*Description of the task:* The pictures must be left out, while the rest of the data is copied exactly.

*Collected material:*
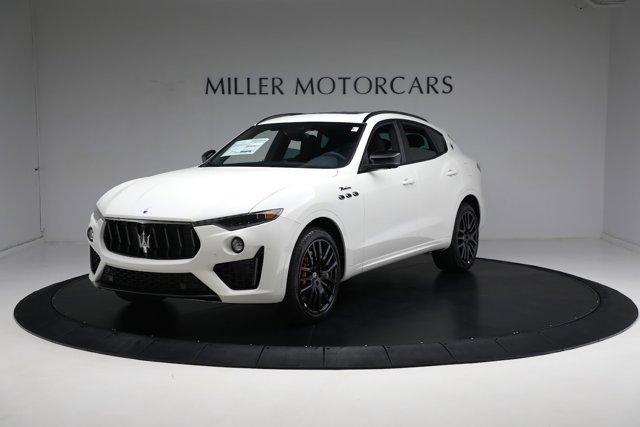 new 2024 Maserati Levante car, priced at $100,481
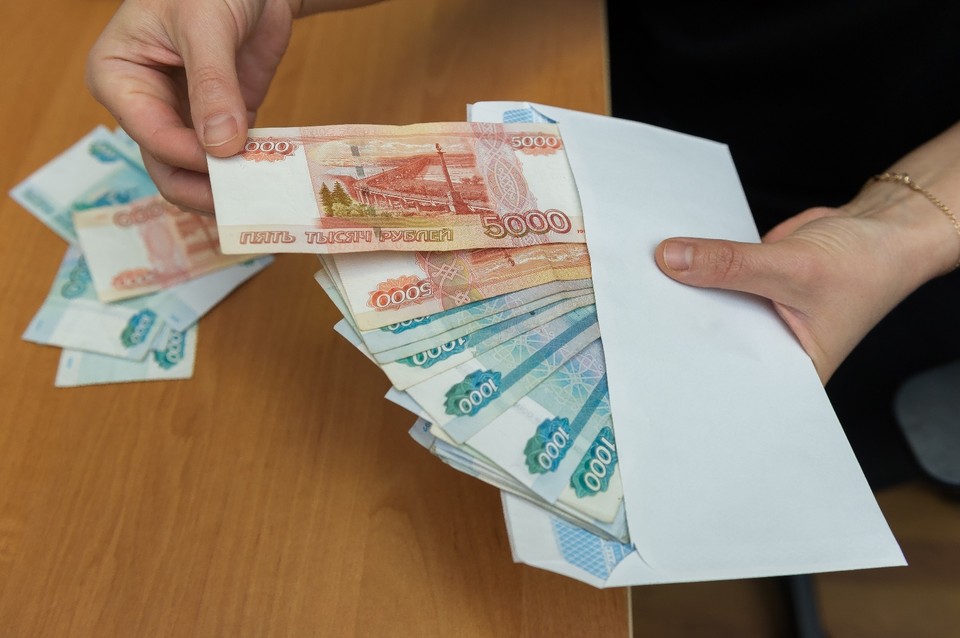 В центре Перми продают торгово-офисный комплекс за полмиллиарда рублей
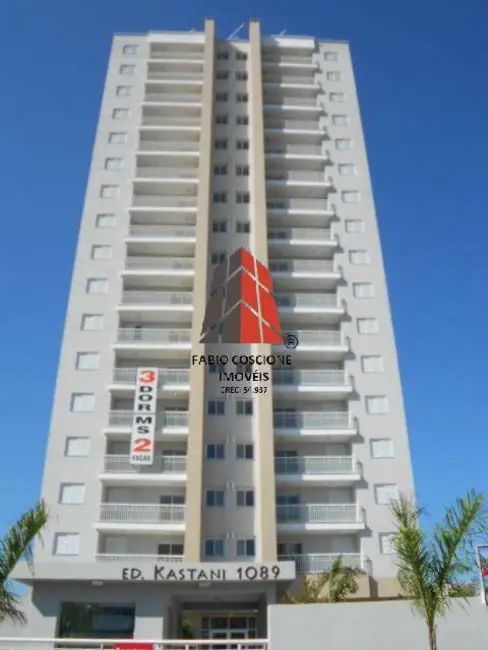 Apartamento com 3 quartos à venda, 73m2 em Chácara Santo Antônio (Zona Leste), São Paulo - SP - imagem 1 Foto 1 de Apartamento com 3 quartos à venda, 73m2 em Chácara Santo Antônio (Zona Leste), São Paulo - SP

*Written solution:*
 new 2024 Maserati Levante car, priced at $100,481
 В центре Перми продают торгово-офисный комплекс за полмиллиарда рублей
 Apartamento com 3 quartos à venda, 73m2 em Chácara Santo Antônio (Zona Leste), São Paulo - SP - imagem 1 Foto 1 de Apartamento com 3 quartos à venda, 73m2 em Chácara Santo Antônio (Zona Leste), São Paulo - SP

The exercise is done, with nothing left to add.